### WHAT YOU NEED TO DO
Line by line, set down all the data below exactly, omitting any picture.
* * * * *
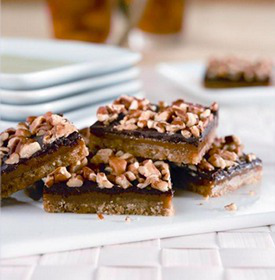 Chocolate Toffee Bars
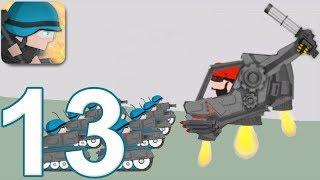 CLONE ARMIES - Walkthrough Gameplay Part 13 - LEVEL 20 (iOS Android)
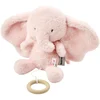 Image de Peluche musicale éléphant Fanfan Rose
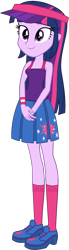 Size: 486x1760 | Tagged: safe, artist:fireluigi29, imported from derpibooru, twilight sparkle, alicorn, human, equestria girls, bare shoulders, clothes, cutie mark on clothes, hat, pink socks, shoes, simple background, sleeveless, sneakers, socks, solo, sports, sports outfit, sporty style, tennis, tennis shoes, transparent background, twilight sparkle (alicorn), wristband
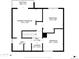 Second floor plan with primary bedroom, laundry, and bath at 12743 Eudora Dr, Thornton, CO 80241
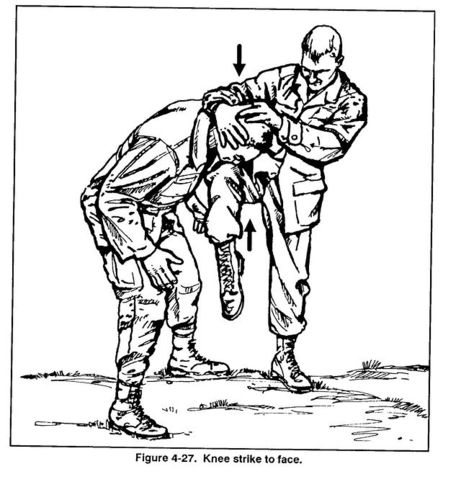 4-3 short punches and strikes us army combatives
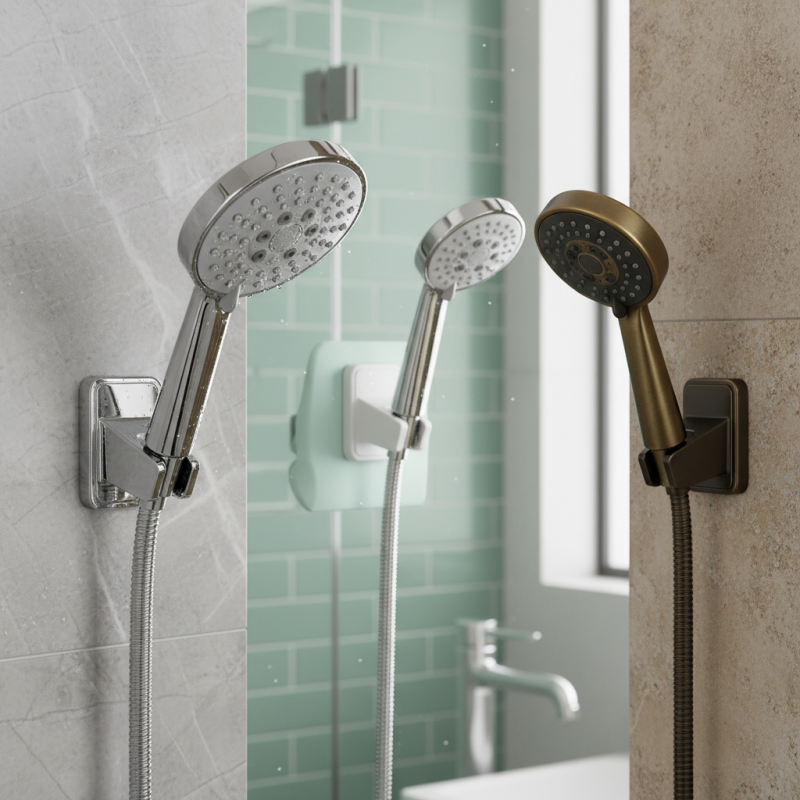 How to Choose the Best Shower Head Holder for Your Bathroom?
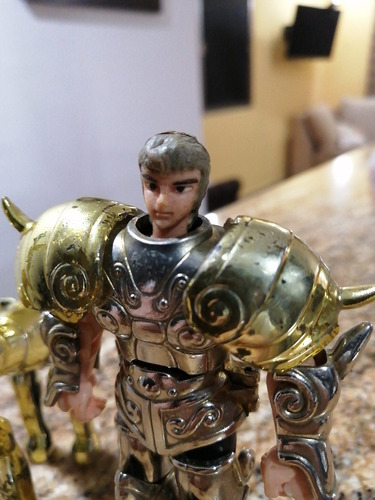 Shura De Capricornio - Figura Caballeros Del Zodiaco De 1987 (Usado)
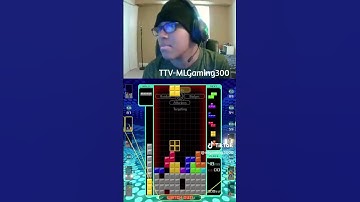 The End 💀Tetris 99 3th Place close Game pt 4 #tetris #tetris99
* * * * *
### SOLUTION TO THIS PROBLEM
 Chocolate Toffee Bars
 CLONE ARMIES - Walkthrough Gameplay Part 13 - LEVEL 20 (iOS Android)
 Image de Peluche musicale éléphant Fanfan Rose
 Size: 486x1760 | Tagged: safe, artist:fireluigi29, imported from derpibooru, twilight sparkle, alicorn, human, equestria girls, bare shoulders, clothes, cutie mark on clothes, hat, pink socks, shoes, simple background, sleeveless, sneakers, socks, solo, sports, sports outfit, sporty style, tennis, tennis shoes, transparent background, twilight sparkle (alicorn), wristband
 Second floor plan with primary bedroom, laundry, and bath at 12743 Eudora Dr, Thornton, CO 80241
 4-3 short punches and strikes us army combatives
 How to Choose the Best Shower Head Holder for Your Bathroom?
 Shura De Capricornio - Figura Caballeros Del Zodiaco De 1987 (Usado)
 The End 💀Tetris 99 3th Place close Game pt 4 #tetris #tetris99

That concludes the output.